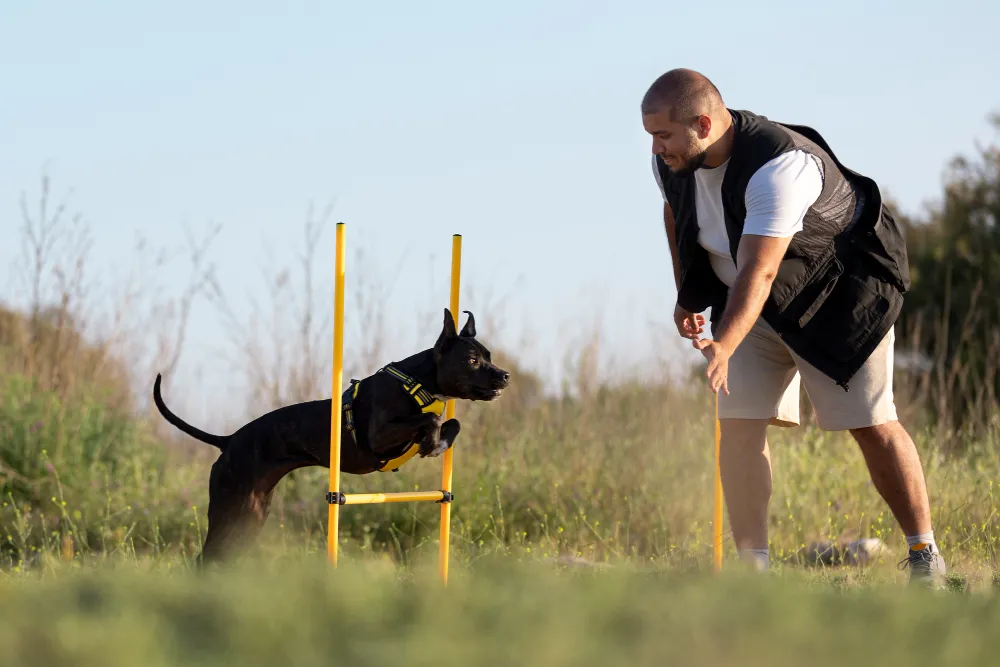 puppy training london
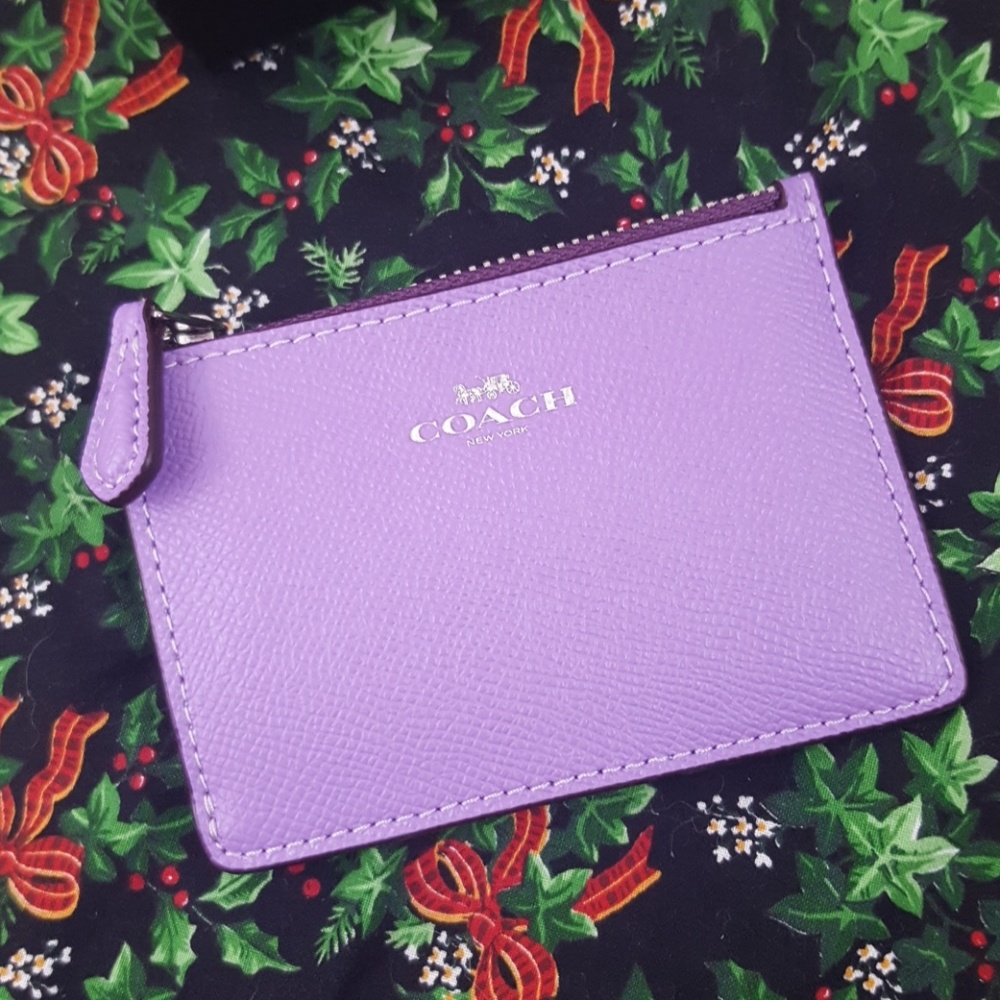 COACH MINI SKINNY ID Case Key Coin Wallet NWT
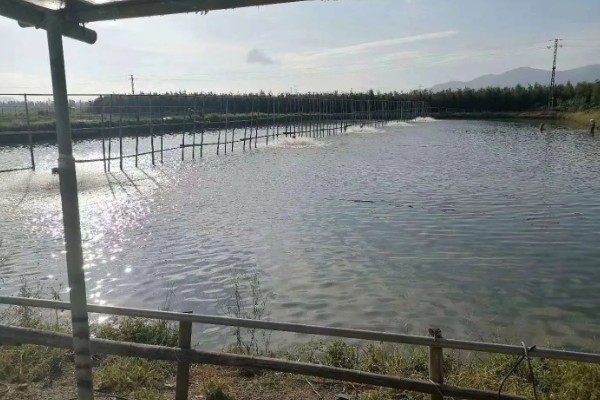 黑鱼养多久才能售卖，经过4-5个月便可上市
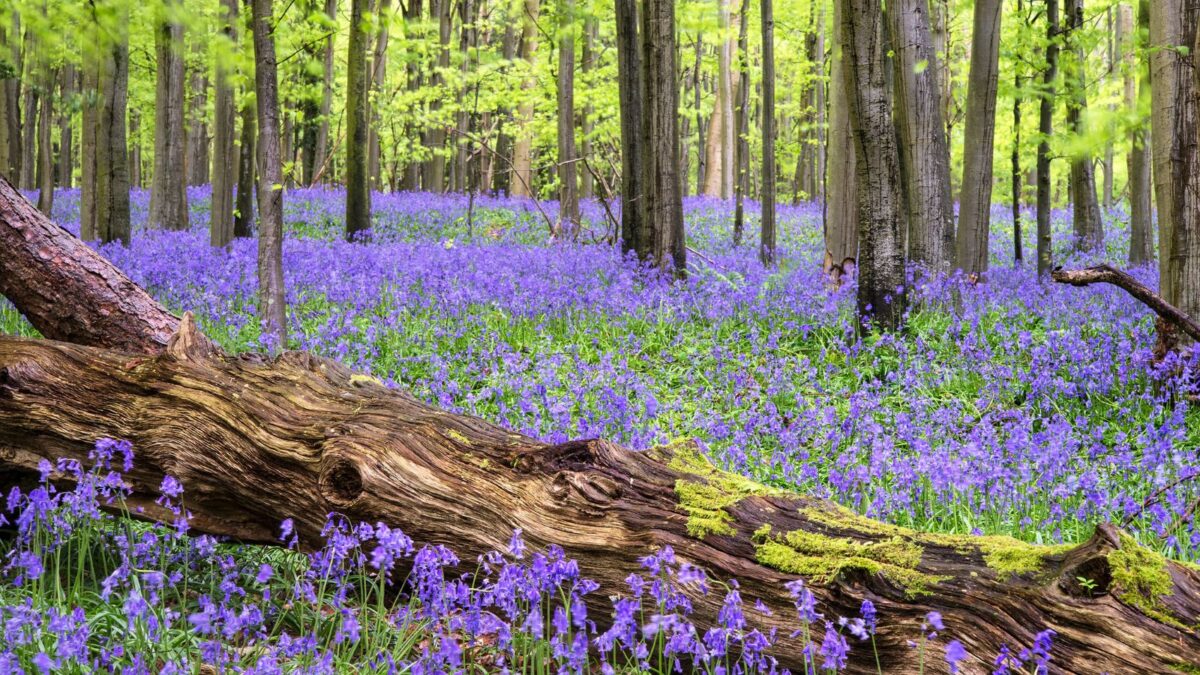 a forest full of English bluebells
* * * * * * *
**WHAT YOU ARE ASKED TO DO**
Leave out the images and copy all remaining data word for word.

**RESULT OF THIS EXERCISE**
 puppy training london
 COACH MINI SKINNY ID Case Key Coin Wallet NWT
 黑鱼养多久才能售卖，经过4-5个月便可上市
 a forest full of English bluebells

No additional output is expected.